Wednesday, May 29, 2019

Here's why US' currency manipulator watchlist is immaterial for India

India's exclusion from the US' currency manipulator watchlist won't come as a great benefit for India, just as inclusion in the list a year ago did not much of a harm.

The inclusion is a pressure tactic, and is mainly targeted at China, say experts. Interestingly, the US didn’t found any country as a currency manipulator, including China. But China now features in the watchlist, with eight others. The reference of India has been dropped from this watchlist.

India’s inclusion in the list was on technical ground, as it had accumulated huge amount of foreign exchange reserves. When a country hordes US dollar, it weakens its own domestic currency.
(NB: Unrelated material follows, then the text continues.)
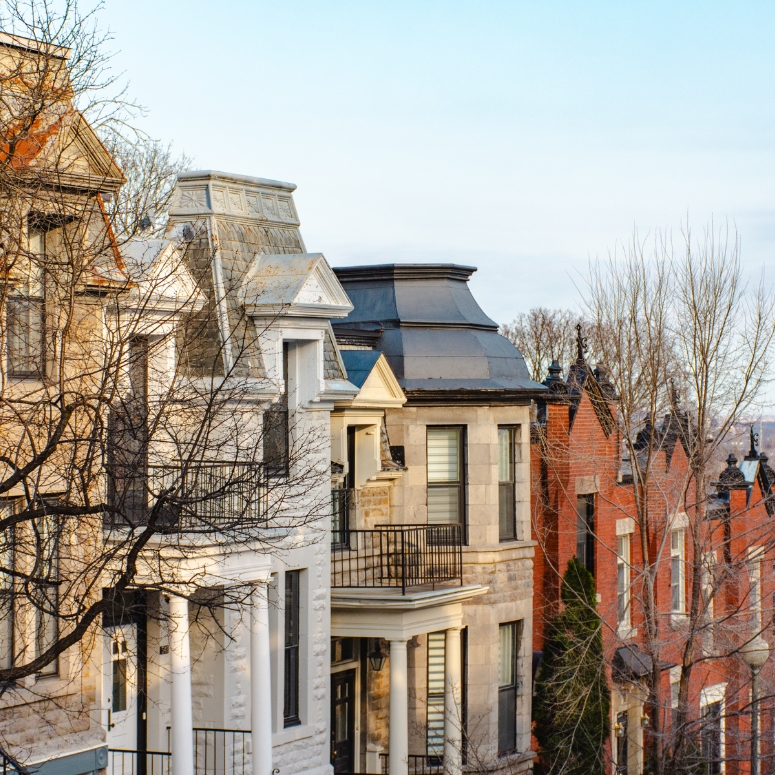 Colorful residential houses in Montreal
The idea of currency manipulation stems from that.

Now, the other two criteria in which India was included in the list -- running a large bilateral surplus and running a large current account surplus against US were analytically wrong, experts say.

Of course, hoarding of US dollar is a different aspect and India had to do it for its own hygiene, rather than for gaining a trade surplus against the US. Of course, such surplus could be a side effect.
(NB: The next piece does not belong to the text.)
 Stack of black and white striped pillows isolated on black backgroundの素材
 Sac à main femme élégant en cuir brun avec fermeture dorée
When it comes to China though, these currency manipulation tactics make sense, as China did not let its currency appreciate through pegged intervention.

“The exclusion is good in a sense that the US won’t breathe down on India’s neck. The inclusion was hygiene check and nothing much to start with,” said Soumyajit Niyogi, associate director of India Ratings and Research.

A chief economist of a private sector bank, requesting not to be quoted, said the inclusion was absurd to start with. And India really did not lose anything after the inclusion. However, India had trade restrictions put on it for other reasons, mainly retaliatory in nature. The exclusion, doesn’t add any extra benefit too, but irons out extra creases in trade talks.